- HOW TO COMPLETE THIS TASK
Only the lines below from the one containing "5 messen zegels" through the last line should be set down, exactly as written and with no pictures.

- GIVEN INFORMATION
+--
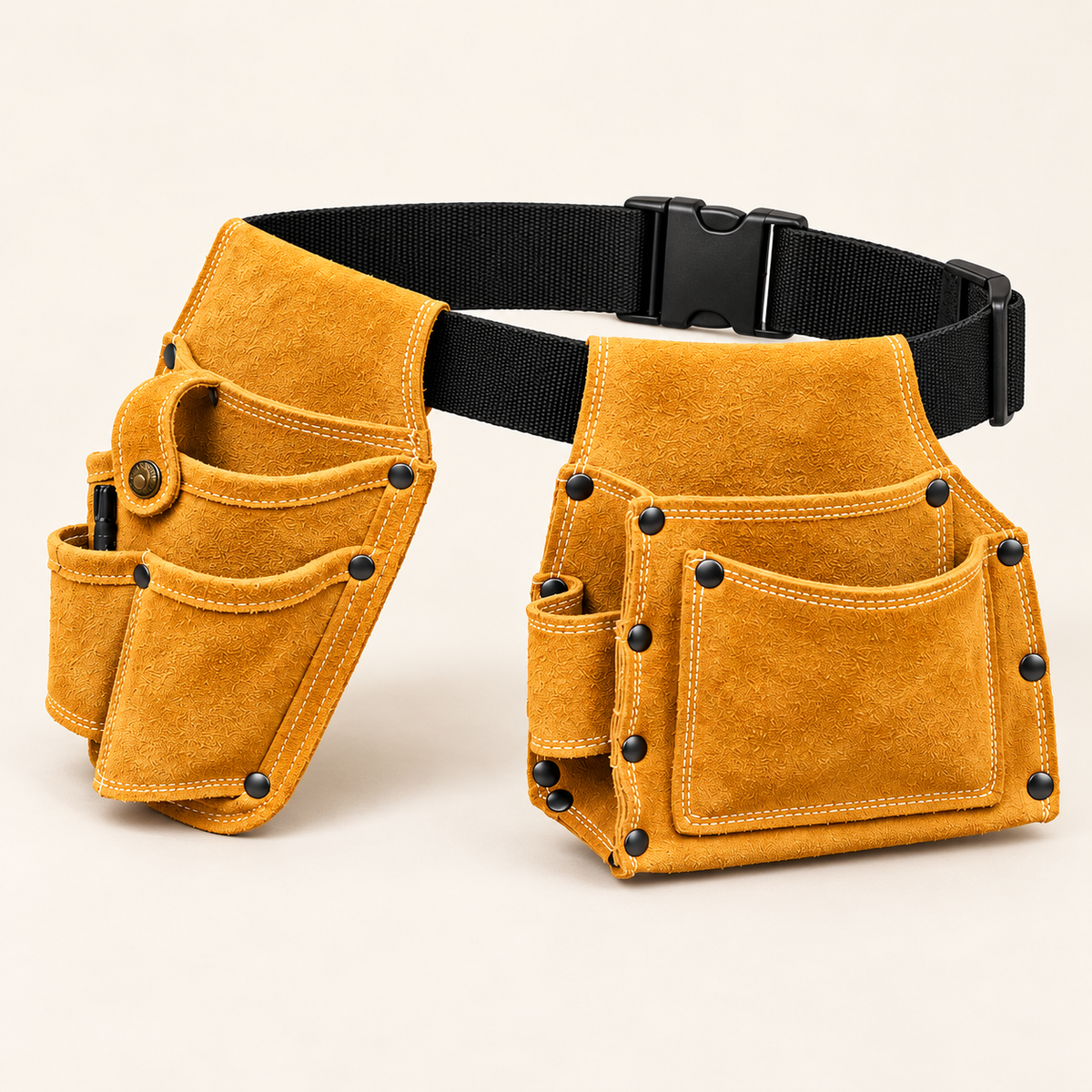 WarmFit Reinforced Leather Tool Belt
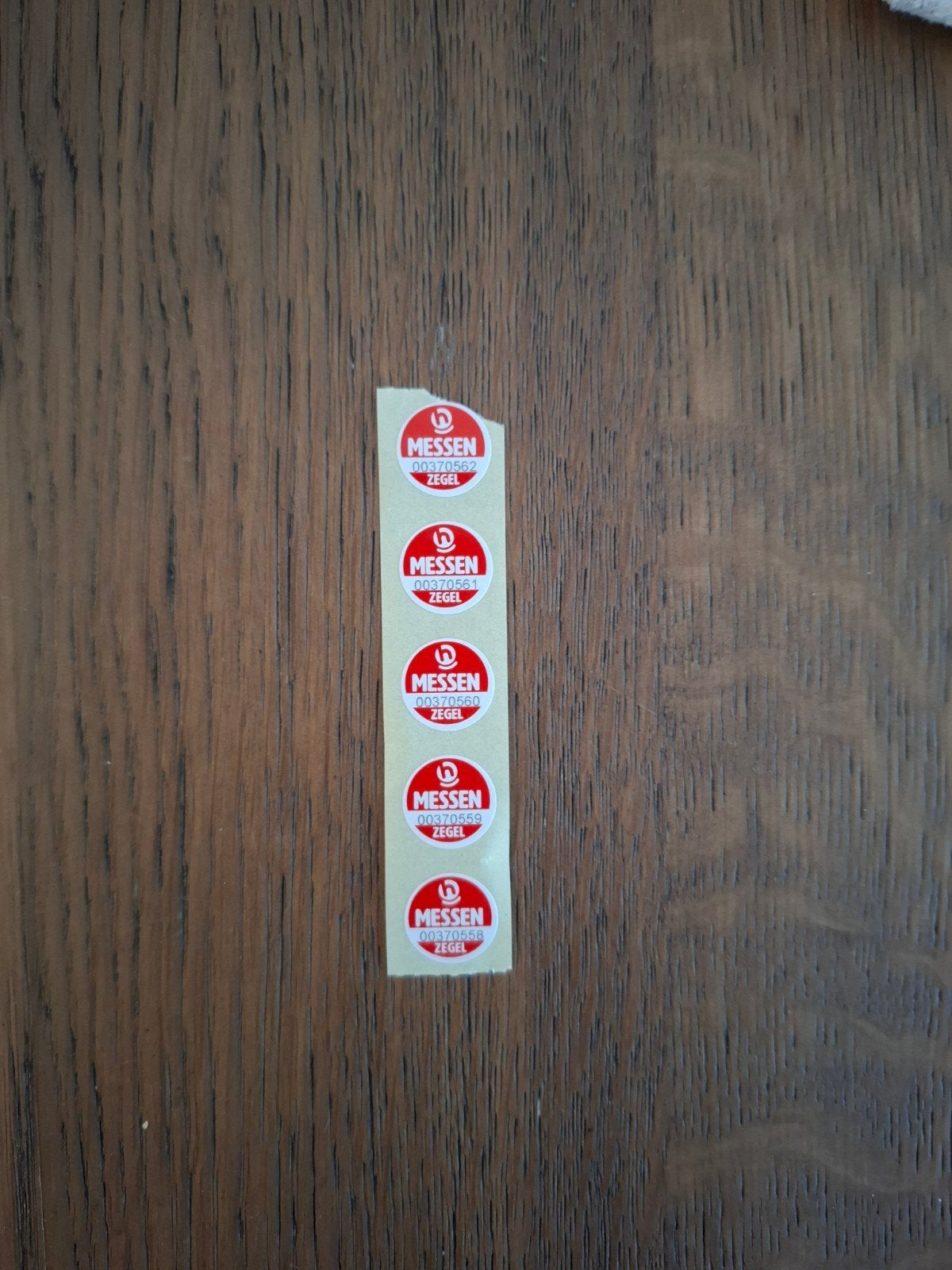5 messen zegels Hoogvliet, Ophalen of Verzenden, Winkel, Super of Benzinepomp, Zegels, Bonnen of Punten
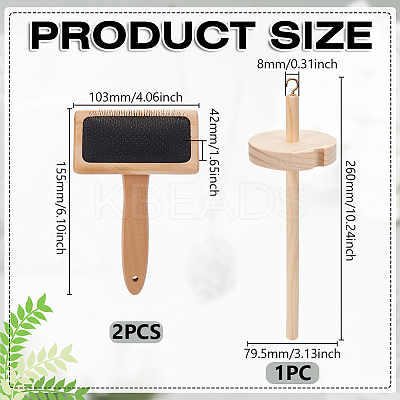 1Pc Wood Spinning Tool AJEW-UN0002-22-1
+--
- ANSWER SECTION
5 messen zegels Hoogvliet, Ophalen of Verzenden, Winkel, Super of Benzinepomp, Zegels, Bonnen of Punten
 1Pc Wood Spinning Tool AJEW-UN0002-22-1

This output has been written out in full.